The faculty provides “reduced cost” treatment, but Covid-19 has created a major backlog, meaning some patients could be waiting for up to 18 months.
A dental school client for more than 30 years, who declined to be named, contacted the Otago Daily Times and said she recently broke a back tooth in half, and was told it could not be fixed with a new filling or a crown.
“I was told the waiting list to get it extracted and a bridge fitted, was six to 18 months.
“I cannot afford a private dentist, so now I have to wait with a broken tooth for so long.
“It’s really uncomfortable when I eat.”
Faculty of Dentistry dean Prof Paul Cooper said the faculty was run by the university and was a place of teaching and learning.
“We have been providing treatment to members of the public at reduced rates since 1907 and would have provided many hundreds of thousands of people with dental care over this time.
“Our rates are reduced as patients are being treated by trainee dentists, and because of the reduced rates, there is high demand and a waiting list of people wanting to be treated.”
Prof Cooper would not say how many people were on a waiting list for more than six months for treatment.

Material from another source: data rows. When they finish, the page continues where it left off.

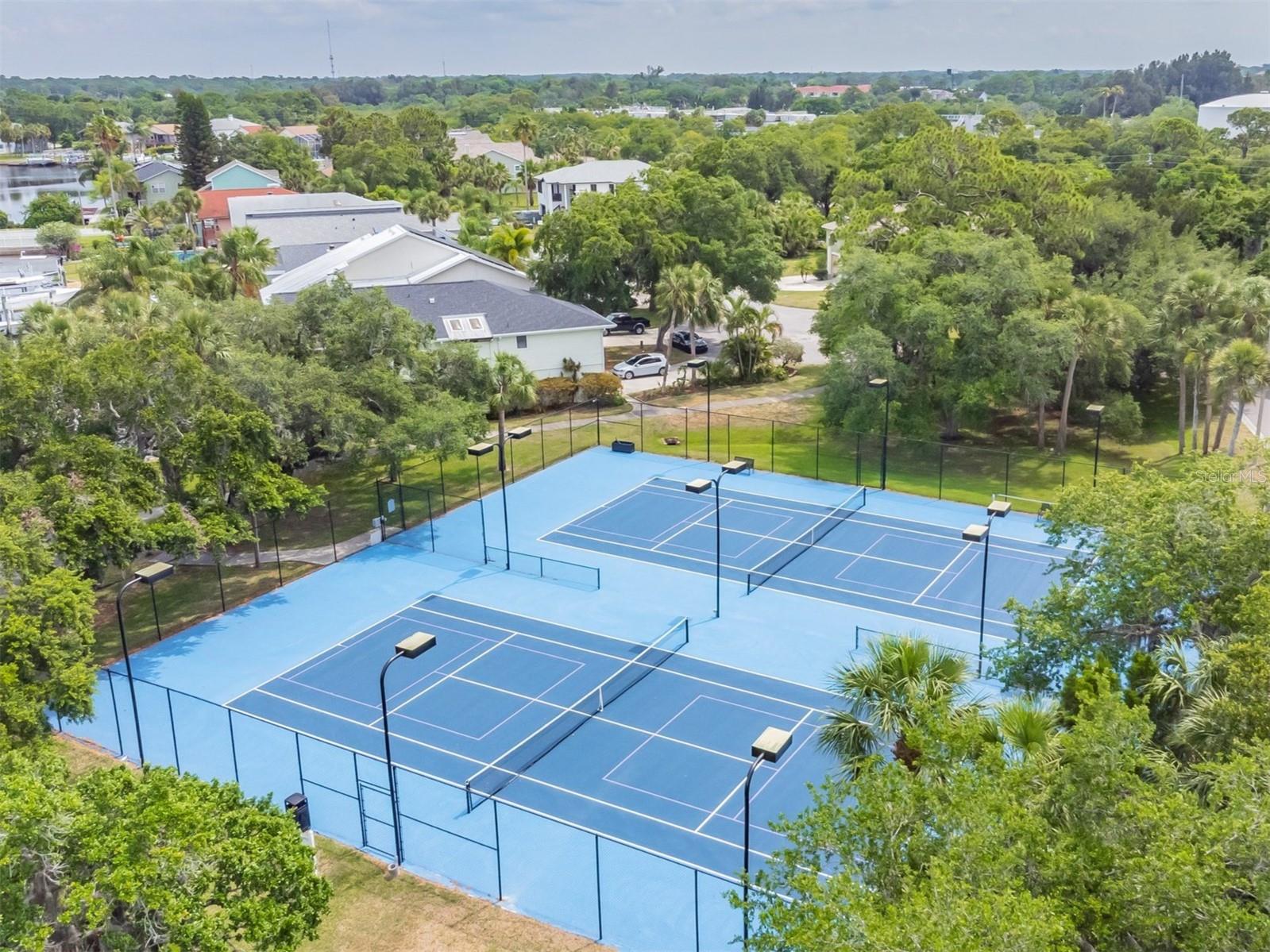 6241 BAYSIDE DR, NEW PORT RICHEY, FL, 34652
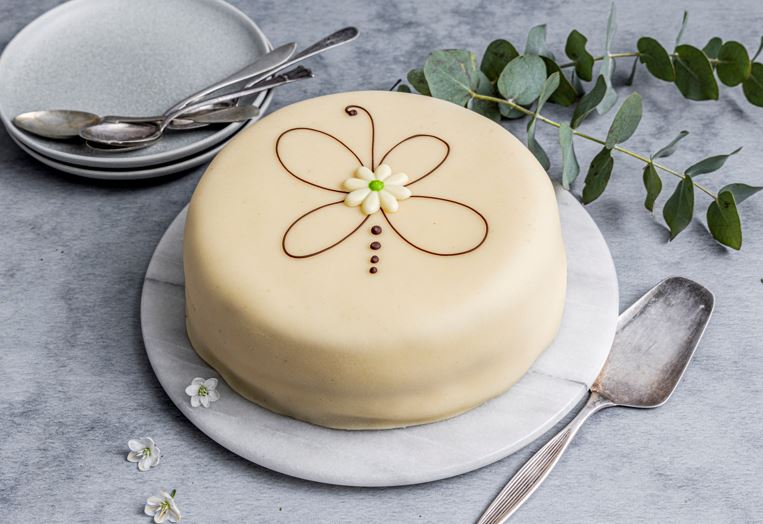 marsipankake 8bit.JPG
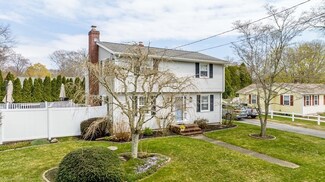 15 Blossom St, Fairhaven, MA 02719
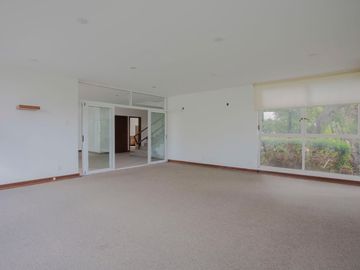 Amplia CASA EN VENTA sobre Calzada de Los Fuertes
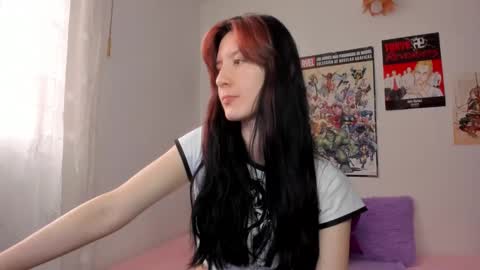 Snapshot of sunshine_girl9 chatting on 03.06.25 sunshine_girl9 online show from 03.06.25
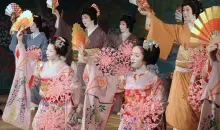 Kamogawaodori est un spectacles de geishas, apprenties et confirmées, dans le théâtre Pontochô Kaburenjo à Kyoto.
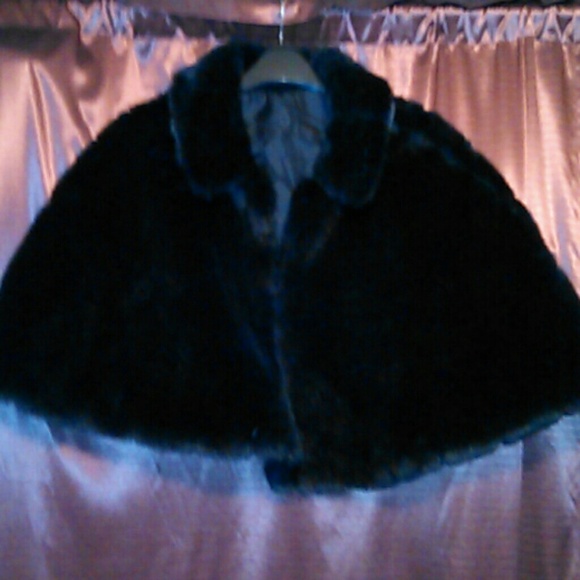 Fur Cape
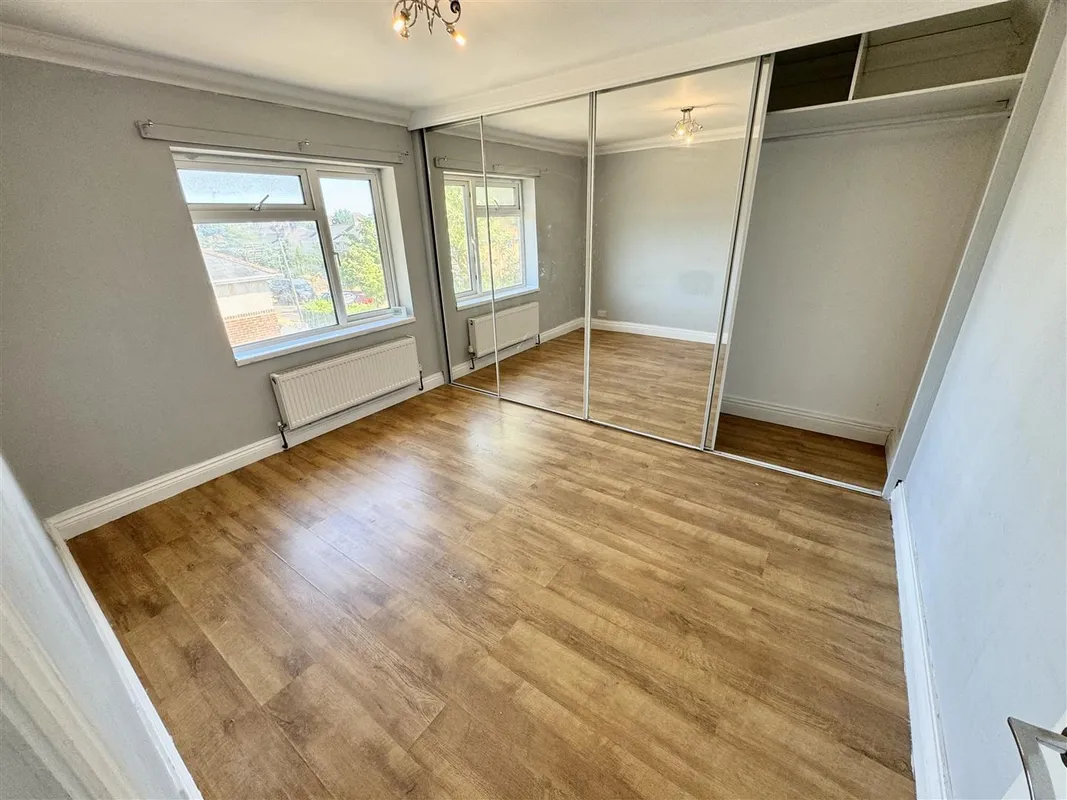 Flat Draper Road in Bournemouth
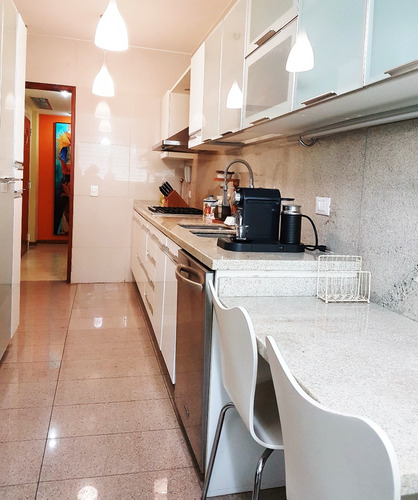 Vendo Apto 160m2 3h/3b/2p La Castellana 2896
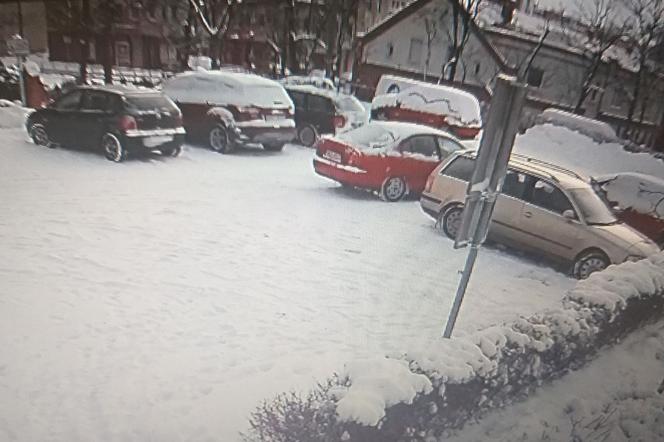 Mistrz parkowania uderzył w auto i uciekł! Policja opublikowała nagranie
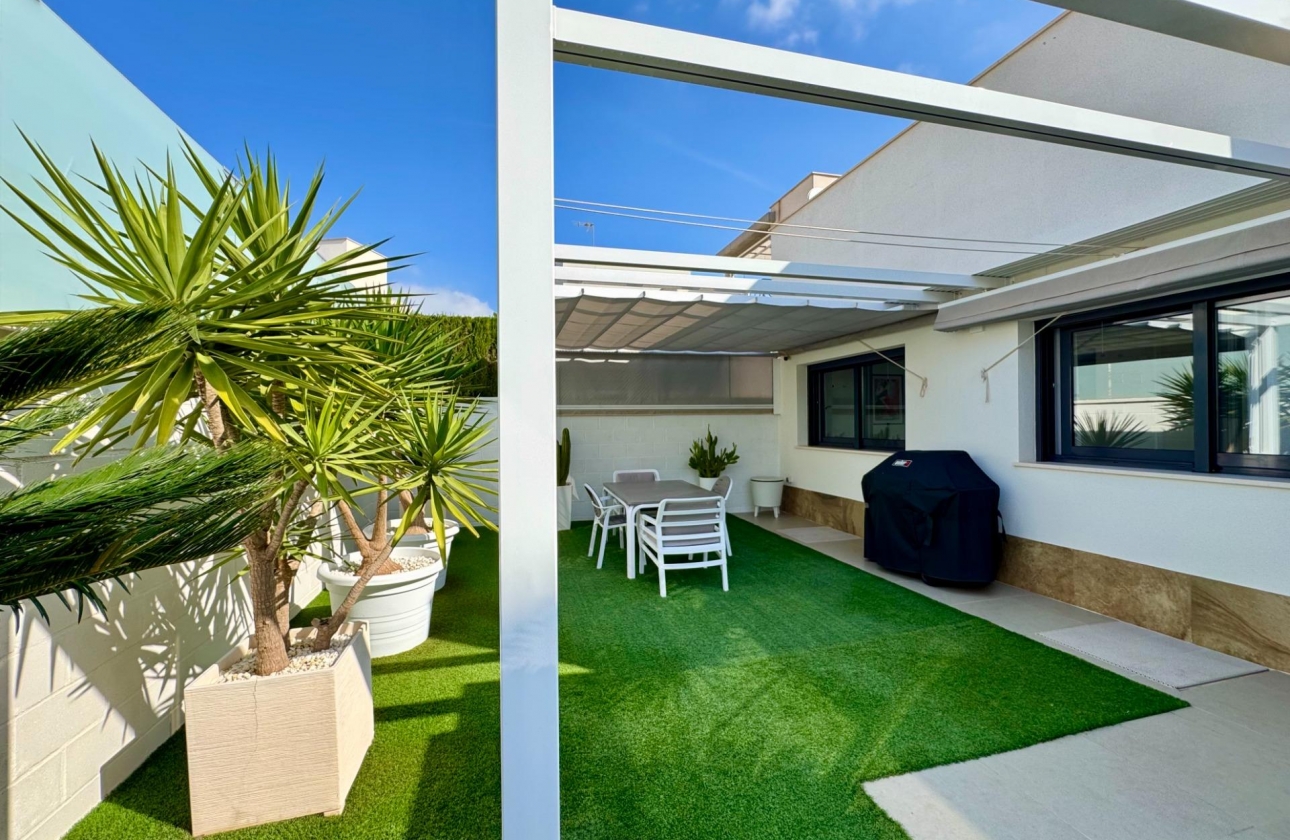 Resale - Villa - San Miguel de Salinas - Bellavista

If patients required immediate dental services, they would need to make their own arrangements with private dental services in Dunedin, he said.
“We select patients depending on the services we are training for, and other factors such as semester breaks impact the availability of students to carry out dental care.
“For example, our final clinics for the year are this week and our clinics do not resume again until March, 2023.”
The pandemic had severely affected treatment with student clinics over the past three years because there had been numerous closures due to Covid-19.
“This has been the main driver for our increased waiting list length.
“We are acutely aware of the situation and currently working through plans as to how we may be able to reduce the waiting list in the future.”
The school was not a publicly funded hospital for this training work, he said.
“We do believe it is providing a positive service to members of the community, but it must also serve in the interest of our students’ learning programme.”